¹²³4
Oh so that’s what exponents are for. They’re just lowercase numbers in the sky.
I guess OP’s never seen Roman numerals before. 🤪🤓
Although, the romans never saw one trillion anything.
VXXXII!
ONE TWO THREE FOUR FIVE
Relevant video by mad lad Tom7: https://www.youtube.com/watch?v=HLRdruqQfRk
There truly is an XKCD for everything…
The subreddit law of comics (lemmy communities just can’t reach that level for now)
☺☻♥♦♣♠•◘○
Just use an exclamation mark. It’ll be fine. Like so:
5!
10!
See? No real difference and now the number feels bigger!
Big difference there, those are
120
3628800
I think you mean:
120!
3628800!
Really emphasize it, ya know!?
Embiggened by several factors.
Calculator 2: The Overbiggening
You can use absolute numbers like ”The answer to life, the universe and everything is |42|.”
What if the number is negative, do I say “-|42|?”
Please surrender your license to math.
XXXXII!!! So simple!
I don’t know how to explain it, but 5 is loud
nerd mode engaged.
https://graphicdesign.stackexchange.com/questions/54423/why-dont-upper-case-numbers-exist#54425
they actually are usually upper case, it’s the lower case that are less widely used.
IDK, I don’t think old style and lining figures are analogous to lower- and uppercase letters. They’re not really different glyphs, at least not like lower- and uppercase letters are, and I would see them more as different ways of typesetting the same glyph.
Edit: Wikipedia does not agree with me.

6 and 8 being all “no one tells me what to do!” and staying the same.
That can be used to play pranks on people…
As far as I know, that is the ‘number case’. Where the difference between upper and lower case is defined based on alignment of the numbers with baseline of typography.
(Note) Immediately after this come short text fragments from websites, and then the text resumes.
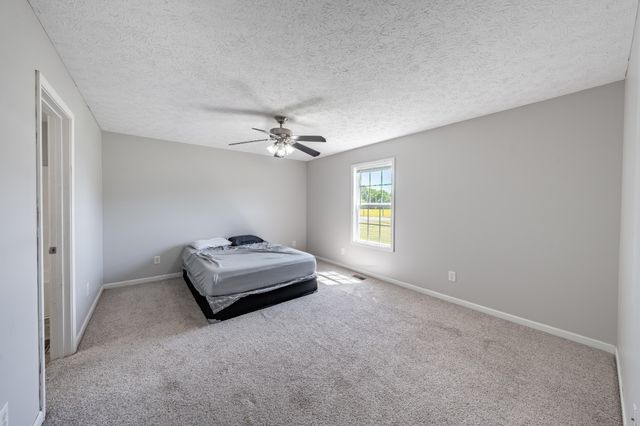 491 White Rd, Portland, TN 37148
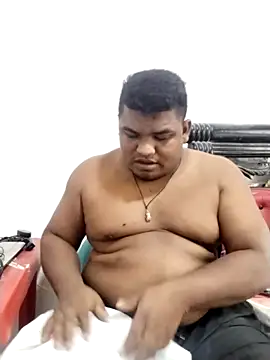 PONSE LATINO online show from 10/10/25, 05:45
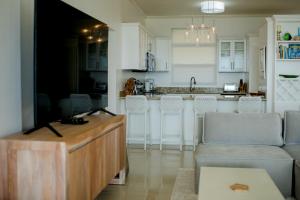 Whispering Seas Oceanfront Suite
I think the post is taking about ‘letter case’. Which we commonly use to yell at people through text. I don’t think there is an equivalent like that in case of numbers. Mainly because numbers came from languages which are unicase by default. Like the Indian languages and Arabic.
Wikipedia says that they are sometimes referred to as lowercase.
Most font packages call it old style figures.
In typography class we were taught to call the lining and non-lining figures.
It is lowercase only. But lowercase in number case. The upper and lower case is distinguished based on alignment in this, where in text case it is based on shape and/or size.
Edit: my use of the words number case and letter case does not look like the standard words. But the concept still exist. Check this: https://totallytype.com/figures.php
Neat-lowercase0
𝟙𝟚𝟛𝟜𝟝𝟞𝟟𝟠𝟡𝟘
Um, @&$!#
That explains a lot. It turns out people often switch to upper case speaking numbers to me.
Chinese entered the chat
I’m ethnic Chinese* and I’m entering the chat
(*Chinese American)
And I’ll conquer the fediverse with 壹貳參肆伍陸柒捌玖拾
— It will cost you $253. — Are you kidding me? TWO HUNDRED AND FIFTY THREE DOLLARS?
$253? Try, SEVENTEEN THOUSAND EIGHT HUNDRED AND NINETY SIX DOLLARS!
I’m not sure if Roman Numerals are the best choice for statistics
iii III!
It’s made up numbers anyway…
So is Arabic
Use roman numerals.
How about, ONE POINT SEVEN FIVE TRILLION KILOGRAMS PER HECTARE SQUARED!
Or perhaps, TEN BILLION FOOT POUNDS PER SQUARE INCH!
Or even, FOURTEEN MILLION ONE HUNDRED AND SEVENTY FIVE THOUSAND, TWO HUNDRED AND SIXTY THREE CUBIC DECILITERS PER YEAR!
For some reason this reminds me of [https://en.wikipedia.org/wiki/COBOL](the COBOL programming language), though not even COBOL was batshit enough to use numerals written in plain English. Everything else was in plain English, though, which was supposed to make it easier to read and write, but is in reality a horrible idea.
Though all caps just reminds me of early programming languages in general, since we didn’t separate uppercase and lowercase in all machines back then, instead using encoding schemes like DEC SIXBIT. Saving memory by using only six bits per character instead of seven or eight, and such. Six bit characters had matching word lengths, before the concept of a byte there used to be loads of 12-bit and 36-bit architectures, that more-or-less went away when the industry almost collectively decided to take byte-addressed memory into use.